Lego, con la campagna Rebuild the World si rivolge alle madri dei più piccoli dimostrando una profonda sensibilità nei confronti dei disagi psicologici scaturiti dal periodo di lockdown e sottolineando con forza che, nonostante le restrizioni globali, la creatività dei più giovani non ha conosciuto limiti. L’azienda offre l’opportunità di immergersi in un universo immaginario, intriso di gioia e spensieratezza, invitando tanto i giovani quanto gli adulti a liberare la propria fantasia e contribuire attivamente alla costruzione di un mondo nuovo, caratterizzato da elementi fantastici e suscettibile di ammirazione da parte di tutti e di condividere tutto questo con l’azienda in prima persona. Il risultato lascia tutto il mondo senza parole: a novembre 2020 Lego espone un mappamondo alto quattro metri nella sua Lego House in Danimarca, interamente fatto di con le creazioni di mattoncini inviate dai bambini.

Un altro esempio di brand activism viene portato in scena da Nike, con la campagna pubblicitaria che vede protagonista il quarterback Colin Kaepernick che si schiera contro il razzismo e contro le ingiustizie, veicolando un grande messaggio di forza con “Believe in something even when it means sacrificing everything” e dando ancora più valore al loro celebre motto “just do it”. La campagna ha avuto una portata mondiale e ha permesso al brand di avvicinarsi anche al pubblico più sensibile.

L’allineamento tra brand purpose e azioni aziendali risulta fondamentale e deve essere autentico, rispecchiando i valori profondi dell’azienda.

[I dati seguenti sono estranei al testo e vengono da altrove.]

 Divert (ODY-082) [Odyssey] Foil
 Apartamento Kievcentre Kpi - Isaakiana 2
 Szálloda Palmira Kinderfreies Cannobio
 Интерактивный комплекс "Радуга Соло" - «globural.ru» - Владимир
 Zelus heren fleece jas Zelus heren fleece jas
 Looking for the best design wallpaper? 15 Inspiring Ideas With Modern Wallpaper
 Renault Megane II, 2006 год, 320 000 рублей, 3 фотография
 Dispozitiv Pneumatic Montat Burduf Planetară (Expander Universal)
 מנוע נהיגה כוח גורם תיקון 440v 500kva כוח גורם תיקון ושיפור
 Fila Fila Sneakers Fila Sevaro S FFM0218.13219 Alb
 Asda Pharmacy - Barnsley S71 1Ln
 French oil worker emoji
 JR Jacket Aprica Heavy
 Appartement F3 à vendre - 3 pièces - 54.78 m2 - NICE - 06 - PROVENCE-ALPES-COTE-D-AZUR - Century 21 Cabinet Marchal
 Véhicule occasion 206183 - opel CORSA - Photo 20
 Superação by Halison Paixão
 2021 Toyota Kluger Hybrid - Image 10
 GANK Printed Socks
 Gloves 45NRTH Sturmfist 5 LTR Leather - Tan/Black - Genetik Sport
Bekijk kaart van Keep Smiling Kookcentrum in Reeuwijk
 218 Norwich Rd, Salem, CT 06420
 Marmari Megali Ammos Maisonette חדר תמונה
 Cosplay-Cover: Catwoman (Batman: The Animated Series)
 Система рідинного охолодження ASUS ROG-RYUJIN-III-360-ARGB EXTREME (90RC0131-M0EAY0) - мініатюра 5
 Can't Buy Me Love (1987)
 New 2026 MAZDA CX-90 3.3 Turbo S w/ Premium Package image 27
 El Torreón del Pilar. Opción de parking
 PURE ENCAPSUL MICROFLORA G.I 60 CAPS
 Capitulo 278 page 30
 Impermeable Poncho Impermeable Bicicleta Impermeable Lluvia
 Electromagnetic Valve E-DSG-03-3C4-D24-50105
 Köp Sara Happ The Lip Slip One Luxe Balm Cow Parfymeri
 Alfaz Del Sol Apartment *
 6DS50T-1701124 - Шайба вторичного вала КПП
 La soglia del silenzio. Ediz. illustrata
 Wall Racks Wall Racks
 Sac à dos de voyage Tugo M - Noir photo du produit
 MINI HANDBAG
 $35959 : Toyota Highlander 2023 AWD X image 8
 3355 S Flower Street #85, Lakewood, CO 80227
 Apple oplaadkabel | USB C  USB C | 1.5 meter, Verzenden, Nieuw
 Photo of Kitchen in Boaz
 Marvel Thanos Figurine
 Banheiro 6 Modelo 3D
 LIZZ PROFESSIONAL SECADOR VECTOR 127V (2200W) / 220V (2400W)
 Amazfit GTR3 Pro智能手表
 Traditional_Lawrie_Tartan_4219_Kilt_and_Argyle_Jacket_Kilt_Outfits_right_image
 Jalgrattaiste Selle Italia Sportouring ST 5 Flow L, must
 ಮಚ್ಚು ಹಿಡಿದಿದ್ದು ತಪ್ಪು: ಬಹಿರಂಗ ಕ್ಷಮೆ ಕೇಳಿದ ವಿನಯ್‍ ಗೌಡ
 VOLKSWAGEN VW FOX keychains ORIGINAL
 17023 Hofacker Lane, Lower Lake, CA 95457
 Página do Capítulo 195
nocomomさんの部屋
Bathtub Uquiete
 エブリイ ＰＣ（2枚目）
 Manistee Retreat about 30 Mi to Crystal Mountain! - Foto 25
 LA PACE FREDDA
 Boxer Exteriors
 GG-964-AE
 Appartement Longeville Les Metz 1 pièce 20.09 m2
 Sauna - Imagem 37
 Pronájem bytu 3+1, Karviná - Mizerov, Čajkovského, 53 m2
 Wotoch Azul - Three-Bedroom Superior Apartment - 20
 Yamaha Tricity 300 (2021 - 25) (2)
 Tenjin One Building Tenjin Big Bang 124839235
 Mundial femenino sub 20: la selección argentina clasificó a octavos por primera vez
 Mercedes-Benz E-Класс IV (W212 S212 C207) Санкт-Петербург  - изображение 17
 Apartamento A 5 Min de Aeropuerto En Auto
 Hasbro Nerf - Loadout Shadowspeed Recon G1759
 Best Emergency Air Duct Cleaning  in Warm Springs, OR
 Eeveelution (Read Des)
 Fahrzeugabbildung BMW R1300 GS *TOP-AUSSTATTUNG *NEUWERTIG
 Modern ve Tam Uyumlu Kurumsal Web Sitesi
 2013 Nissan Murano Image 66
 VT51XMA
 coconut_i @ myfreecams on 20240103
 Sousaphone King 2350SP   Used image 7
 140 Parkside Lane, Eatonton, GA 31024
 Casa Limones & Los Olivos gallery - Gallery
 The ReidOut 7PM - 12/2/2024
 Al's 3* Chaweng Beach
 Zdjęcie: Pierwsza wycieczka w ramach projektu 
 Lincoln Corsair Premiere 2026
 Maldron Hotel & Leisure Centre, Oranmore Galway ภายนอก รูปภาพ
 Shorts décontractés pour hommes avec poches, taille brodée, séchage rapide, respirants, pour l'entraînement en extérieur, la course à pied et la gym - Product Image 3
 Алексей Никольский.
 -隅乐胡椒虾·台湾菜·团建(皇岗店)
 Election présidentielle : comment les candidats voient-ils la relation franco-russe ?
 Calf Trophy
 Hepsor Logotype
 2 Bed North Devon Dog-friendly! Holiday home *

Solo così si può costruire una vera connessione con i consumatori, dimostrando un impegno sincero verso il cambiamento positivo. Il brand activism richiede sincerità, coraggio e una volontà reale di fare la differenza nel mondo. Le aziende devono intraprendere azioni concrete che riflettano i loro valori e che contribuiscano al bene comune.